─── PROVIDED DATA ───

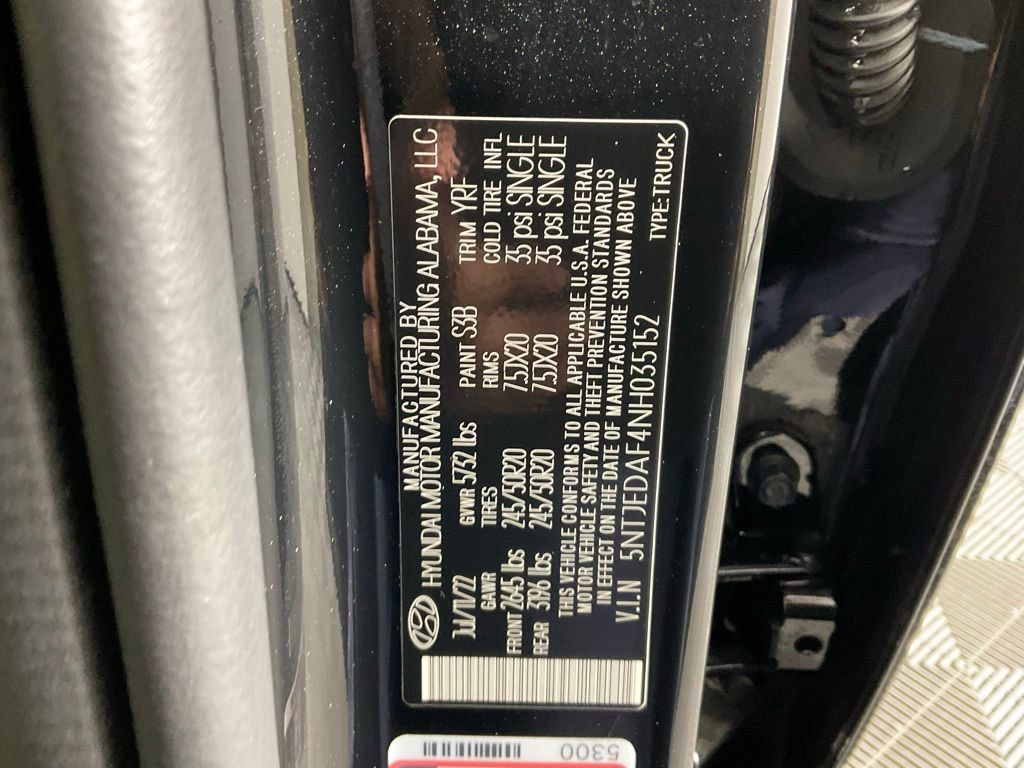 Used 2022 Hyundai Santa Cruz Limited AWD/4WD image 27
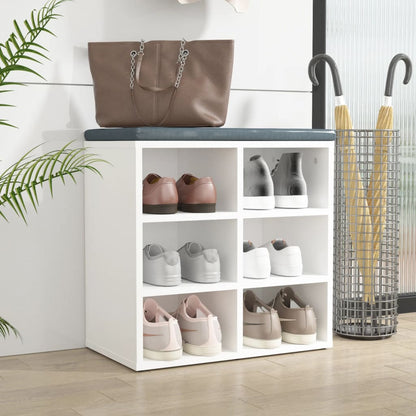 vidaXL Meuble à chaussures blanc 52,5x30x50 cm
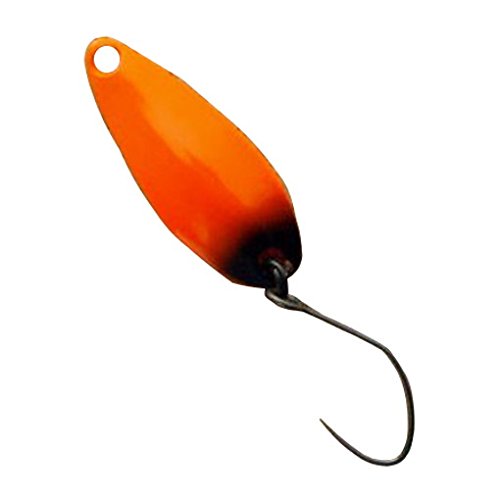 リバーオールド(RiverOld)RiverOld Spoon Satellite Micro Vespa 0.06 oz (1.6 g) #16 FL Orange Black Tail Lure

───

◆ PROBLEM STATEMENT
Copy out the lines above unchanged. Skip the images.

◆ WRITTEN RESPONSE
 Used 2022 Hyundai Santa Cruz Limited AWD/4WD image 27
 vidaXL Meuble à chaussures blanc 52,5x30x50 cm
 リバーオールド(RiverOld)RiverOld Spoon Satellite Micro Vespa 0.06 oz (1.6 g) #16 FL Orange Black Tail Lure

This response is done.